Obviously, using AOP to implement permission control at the J2EE application system level is a major method to solve the above porting risks. However, the disadvantage is that you must start from scratch and it will not take a short time.

Permission control implementation under AOP

With AOP, the new business method can be written as follows:

Public somefunciton (){ // Do the business method //... }

Without additional permissions, this business method looks so clear and natural.

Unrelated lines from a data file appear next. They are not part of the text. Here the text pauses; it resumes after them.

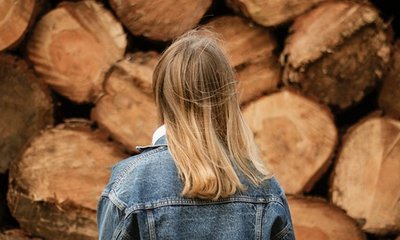 Partes de la Madera y sus Funciones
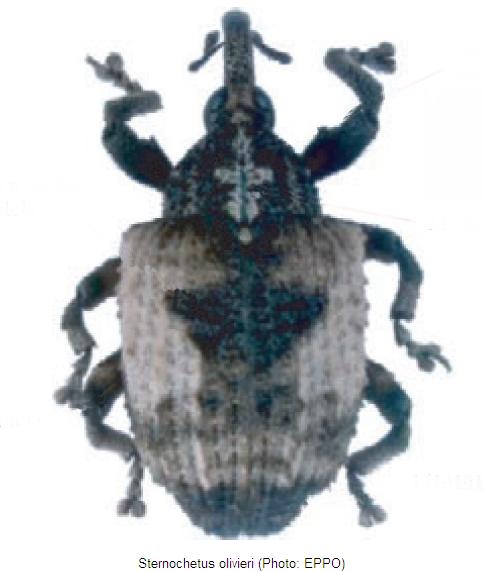 sternochetus_olivieri_hab.jpg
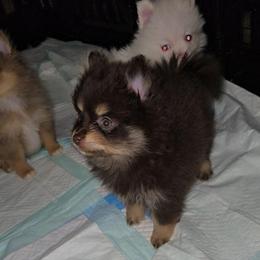 Girl 1 - Chocolate and tan female Pomeranian puppy in Angleton, Texas from Pomeranian Palace, LLC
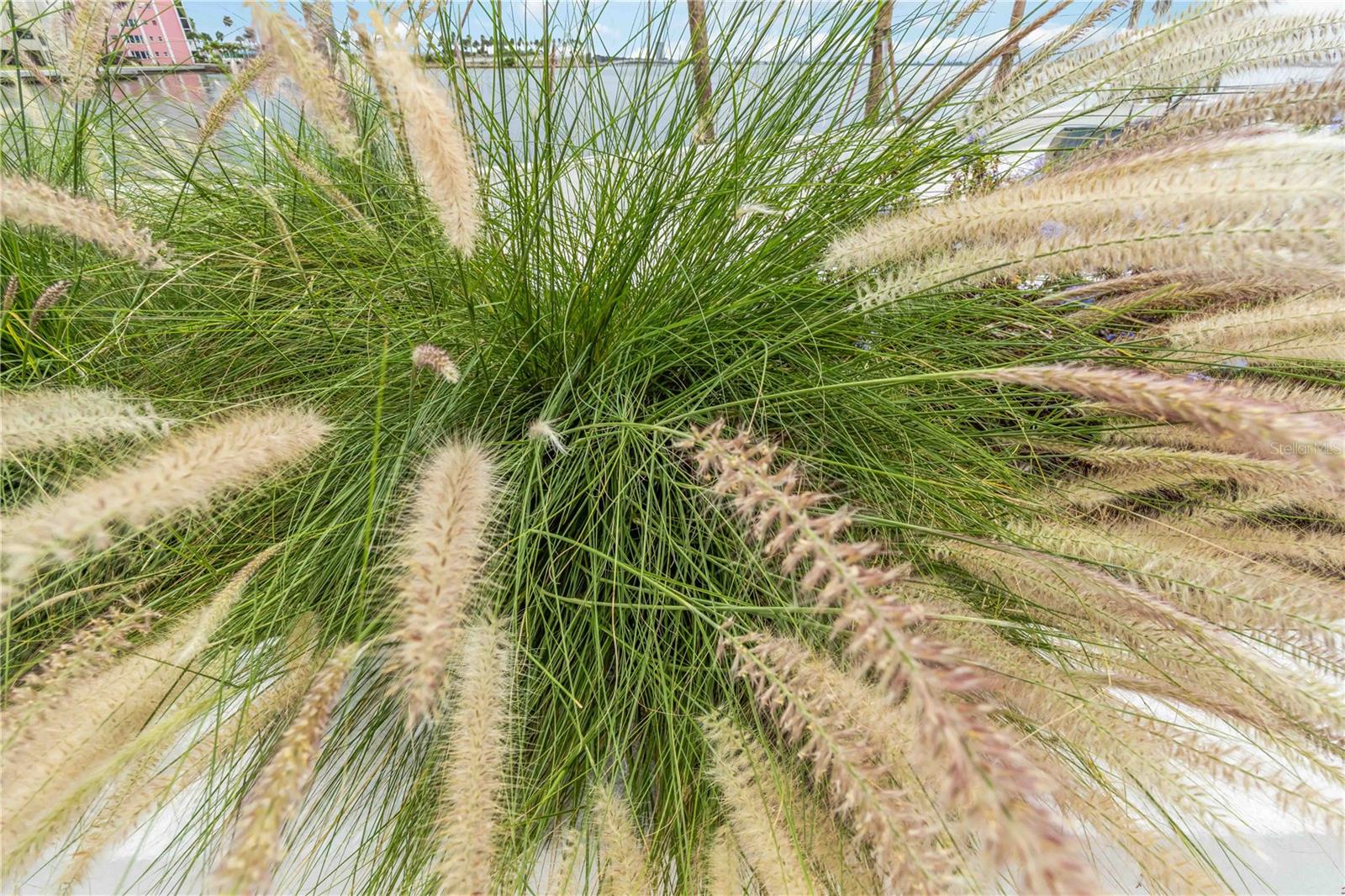 CONDO ON THE BAY TOWER I - Residential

The operation on the permission is used as an advice, and the advisor is concerned with all business methods (may have a specific package). Then, the rest is done by RBAC and AOP. Through such separation, a vertical business method is divided into a more natural business method and a focus. This focus may be written as follows:

Public class permissioncheckadvice implements methodbeforeadvice { Public void before (method arg0, object [] arg1, object arg2) throws throwable { // Permission judgment If (! This. getcontext (). getuser (). canexcute (this, arg0 )){ Throws New permissiondeniedexception (); } } }

There may be a problem: how to obtain the context or the user of the context at that time? The answer is to use IOC (or dependency injection) to reverse pass the context or user as a parameter to the logical method. Of course, these variables need to be initialized before being passed in. This initialization can be performed in superservlet and saved in the application as a session Singleton. The following is an example of the spring configuration file:

<Beans> <! -- Bean configuration --> <Bean id = "businesslogicbean" Class = "org. springframework. AOP. Framework. proxyfactorybean"> <Property name = "proxyinterfaces"> <Value> ibusinesslogic </value> </Property> <Property name = "target"> <Ref local = "beantarget"/> </Property> <Property name = "interceptornames"> <List> <Value> thepermissioncheckbeforeadvisor </value> </List> </Property> </Bean> <! -- Bean classes --> <Bean id = "beantarget" class = "businesslogic"> <Property name = "user"> <your user Object> </property> </Bean> <! -- Advisor pointcut definition for before advice --> <Bean id = "thepermissioncheckbeforeadvisor" Class = "org. springframework. AOP. Support. regexpmethodpointcutadvisor"> <Property name = "advice"> <Ref local = "thepermissioncheckbeforeadvice"/> </Property> <Property name = "pattern"> <Value>. * </value> </Property> </Bean> <! -- Advice classes --> <Bean id = "thepermissioncheckbeforeadvice" Class = "permissioncheckbeforeadvice"/> </Beans>

Conclusion

AOP introduces aspect, which encapsulates actions that affect multiple classes into a reusable module, which allows programmers to modularize cross-cutting concerns, this eliminates code confusion and decentralization caused by OOP and enhances the maintainability and reusability of the system. With the Interception Capability of AOP, it provides us with the ability to add custom behaviors before/after any object method call, this allows us to deal with the excessive focus on permission control in enterprise applications and maintain a strong type (without changing the method signature), decoupling program functions and permission tests.